De source colombienne, quelque 600 militaires vénézuéliens ont déserté depuis le début de l’année. Le mouvement rend compte du désespoir qui règne dans ce pays en proie à l’hyperinflation et aux pénuries récurrentes. Mais il ne semble pas menacer l’unité des forces de sécurité vénézuéliennes, qui comptent 350 000 membres et sont restées loyales à l’exécutif.

Dès son apparition dans le hall des arrivées de l’aéroport, M. Guaido a été acclamé. Les voyageurs se sont mis à scander son nom, reprenant le slogan « Si, se puede ! » (« oui, c’est possible ») cher à Barack Obama. Une bonne douzaine d’ambassadeurs européens et américains – du Canada à l’Argentine – étaient venus attendre M. Guaido, reconnu comme autorité légitime du Venezuela par plus de cinquante pays. « Nous sommes là pour garantir la démocratie et la liberté », a expliqué devant les caméras l’ambassadeur de France, Romain Nadal. « Nous espérons qu’il n’y aura pas d’escalade et que l’immunité parlementaire de M. Guaido sera respectée », a ajouté l’Espagnol Jesus Silva Fernandez.

« Seul un dialogue »

A la sortie de l’aéroport, le véhicule du M. Guaido a été bloqué par une foule joyeuse. En ces jours de carnaval, bien peu de Vénézuéliens travaillent. Les images du jeune président, en complet bleu et chemise blanche sur le toit de sa voiture, ont fait la joie des réseaux sociaux. « Il nous a rendu l’espoir », répètent les manifestants devant les caméras.

Avant même que l’avion de Juan Guaido se pose à Caracas, les Etats-Unis avertissaient le gouvernement de Nicolas Maduro que toute « menace, violence ou intimidation » contre le leader d’opposition provoquerait une « réaction rapide » de leur part.
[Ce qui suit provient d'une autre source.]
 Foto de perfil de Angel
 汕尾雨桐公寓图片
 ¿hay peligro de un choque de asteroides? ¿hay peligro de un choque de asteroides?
Après avoir écrit sur Twitter que « la sécurité de M. Guaido doit être garantie », John Bolton, le conseiller à la sécurité nationale de Donald Trump, menaçait d’une « réponse dure et significative ».

« Nous suivons de près la situation », a pour sa part déclaré le porte-parole de l’ONU, Stéphane Dujarric, rappelant que « seul un dialogue politique permettra de trouver une solution à la situation » et souhaitant que « tous les acteurs politiques au Venezuela et à l’extérieur s’efforcent de minimiser les tensions ».

En quittant le pays, M. Guaido avait pris un risque. Il était passé clandestinement en Colombie, le 22 février, pour coordonner le passage au Venezuela d’un convoi d’aide alimentaire et médicale. Plus politique qu’humanitaire, l’opération du 23 février a tourné à l’avantage, très relatif, de Nicolas Maduro, qui a bloqué les camions à la frontière. Deux jours plus tard, à Bogota, les pays membres du groupe dit « de Lima » écartaient l’option d’une intervention militaire, alors qu’elle avait été demandée par M. Guaido lui-même.

Jouer l’usure

Le jeune député est parvenu à reprendre la main. Sa tournée régionale réussie et son retour triomphal redonnent de l’allant à l’opposition. Mais M. Guaido sait que les défis qui l’attendent sont immenses. « Nicolas Maduro ne partira pas de bon gré », a-t-il rappelé. Soucieux d’éviter que le mouvement s’enlise, il doit multiplier les initiatives. Mardi, il rencontrera les syndicats du secteur public.

Lundi soir, Nicolas Maduro et ses ministres ne s’étaient toujours pas prononcés sur le retour de M. Guaido. Les adversaires du régime voient dans ce silence un aveu de faiblesse. Ils veulent croire que le gouvernement a choisi de ne pas arrêter Juan Guaido par peur de la rue et par crainte de représailles internationales. D’aucuns craignent que M. Maduro ait opté pour jouer l’usure et laisser le charismatique Juan Guaido se discréditer faute de résultats rapides.